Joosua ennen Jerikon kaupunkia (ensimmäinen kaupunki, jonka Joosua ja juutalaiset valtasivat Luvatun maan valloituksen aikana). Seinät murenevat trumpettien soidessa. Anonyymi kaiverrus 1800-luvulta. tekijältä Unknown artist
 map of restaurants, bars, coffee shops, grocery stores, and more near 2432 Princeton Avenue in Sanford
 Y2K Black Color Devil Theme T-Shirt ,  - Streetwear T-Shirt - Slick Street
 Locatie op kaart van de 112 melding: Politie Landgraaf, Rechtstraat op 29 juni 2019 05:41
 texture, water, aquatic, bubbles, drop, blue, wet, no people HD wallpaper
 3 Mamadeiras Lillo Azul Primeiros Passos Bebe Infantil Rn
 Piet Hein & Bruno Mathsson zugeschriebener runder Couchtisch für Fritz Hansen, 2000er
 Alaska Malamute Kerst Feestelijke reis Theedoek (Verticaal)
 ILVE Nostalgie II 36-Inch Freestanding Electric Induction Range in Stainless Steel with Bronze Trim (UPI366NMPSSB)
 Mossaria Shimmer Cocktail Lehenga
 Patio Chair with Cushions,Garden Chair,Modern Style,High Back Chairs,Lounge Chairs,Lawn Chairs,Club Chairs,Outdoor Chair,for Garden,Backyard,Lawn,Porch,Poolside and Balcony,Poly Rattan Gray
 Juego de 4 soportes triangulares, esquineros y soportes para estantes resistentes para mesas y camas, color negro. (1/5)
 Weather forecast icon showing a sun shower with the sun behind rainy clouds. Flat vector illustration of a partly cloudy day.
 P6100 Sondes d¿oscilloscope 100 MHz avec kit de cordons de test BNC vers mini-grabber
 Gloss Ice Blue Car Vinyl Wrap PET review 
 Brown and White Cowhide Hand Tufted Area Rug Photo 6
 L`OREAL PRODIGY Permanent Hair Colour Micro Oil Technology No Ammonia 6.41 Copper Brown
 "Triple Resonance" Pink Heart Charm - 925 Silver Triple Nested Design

● ● ● ● ● ● ●

** DESCRIPTION OF THE TASK **
The expected output is a verbatim retyping of each line from the one with "texture, water, aquatic, bubbles, drop, blue, wet, no" to the end of the listing above, with both end lines kept and nothing added.

** SOLUTION FOR THIS TASK **
 texture, water, aquatic, bubbles, drop, blue, wet, no people HD wallpaper
 3 Mamadeiras Lillo Azul Primeiros Passos Bebe Infantil Rn
 Piet Hein & Bruno Mathsson zugeschriebener runder Couchtisch für Fritz Hansen, 2000er
 Alaska Malamute Kerst Feestelijke reis Theedoek (Verticaal)
 ILVE Nostalgie II 36-Inch Freestanding Electric Induction Range in Stainless Steel with Bronze Trim (UPI366NMPSSB)
 Mossaria Shimmer Cocktail Lehenga
 Patio Chair with Cushions,Garden Chair,Modern Style,High Back Chairs,Lounge Chairs,Lawn Chairs,Club Chairs,Outdoor Chair,for Garden,Backyard,Lawn,Porch,Poolside and Balcony,Poly Rattan Gray
 Juego de 4 soportes triangulares, esquineros y soportes para estantes resistentes para mesas y camas, color negro. (1/5)
 Weather forecast icon showing a sun shower with the sun behind rainy clouds. Flat vector illustration of a partly cloudy day.
 P6100 Sondes d¿oscilloscope 100 MHz avec kit de cordons de test BNC vers mini-grabber
 Gloss Ice Blue Car Vinyl Wrap PET review 
 Brown and White Cowhide Hand Tufted Area Rug Photo 6
 L`OREAL PRODIGY Permanent Hair Colour Micro Oil Technology No Ammonia 6.41 Copper Brown
 "Triple Resonance" Pink Heart Charm - 925 Silver Triple Nested Design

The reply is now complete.